Fig 3(a) Mantel test and (b) PROTEST comparisons for each of the five median subsample sizes for each of the 132 created datasets with selected abundance structures. Each point (black circles) represents the mean, plus and minus one standard deviation, (a) R-statistic and (b) m2-values for the 1000 subsamples of one datasets at one sample size. There are five points for each dataset—one for each of the subsample sizes.

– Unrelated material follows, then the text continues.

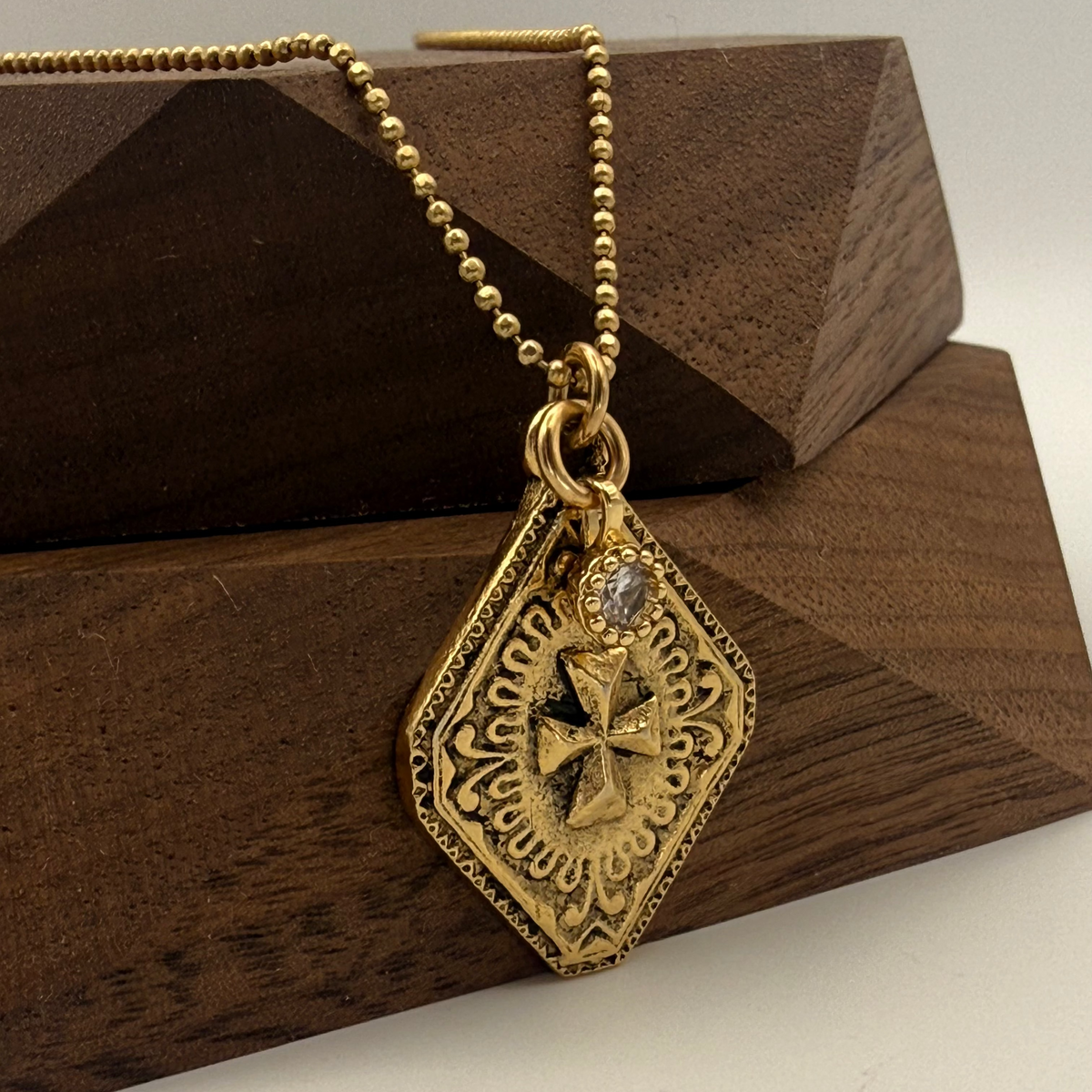 Gold necklace with a decorative pendant on a wooden stand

A list of the minimum and maximum goodness-of-fit statistics for the different parameters for the 132 created datasets with selected abundance structures.
| Mantel Test | PROTEST | |||
|---|---|---|---|---|
| Min | Max | Min | Max | |
| All 132 | 0.53 | 0.98 | 0.56 | 0.98 |
| High Evenness | 0.53 | 0.92 | 0.65 | 0.98 |
| Low Evenness | 0.74 | 0.97 | 0.56 | 0.91 |
| Mixed Evenness | 0.92 | 0.98 | 0.62 | 0.98 |
| 5 Samples | 0.53 | 0.98 | 0.70 | 0.98 |
| 10 Samples | 0.64 | 0.97 | 0.56 | 0.98 |
| Richness = 10 | 0.58 | 0.98 | 0.65 | 0.98 |
| Richness = 20 | 0.53 | 0.97 | 0.56 | 0.97 |
| Richness = 50 | 0.59 | 0.97 | 0.75 | 0.97 |
| Richness = 10 (mixed evenness) | 0.92 | 0.98 | 0.65 | 0.98 |
| Richness = 50 (mixed evenness) | 0.92 | 0.97 | 0.89 | 0.98 |
These goodness-of-fit statistics are for the subsample size of 50.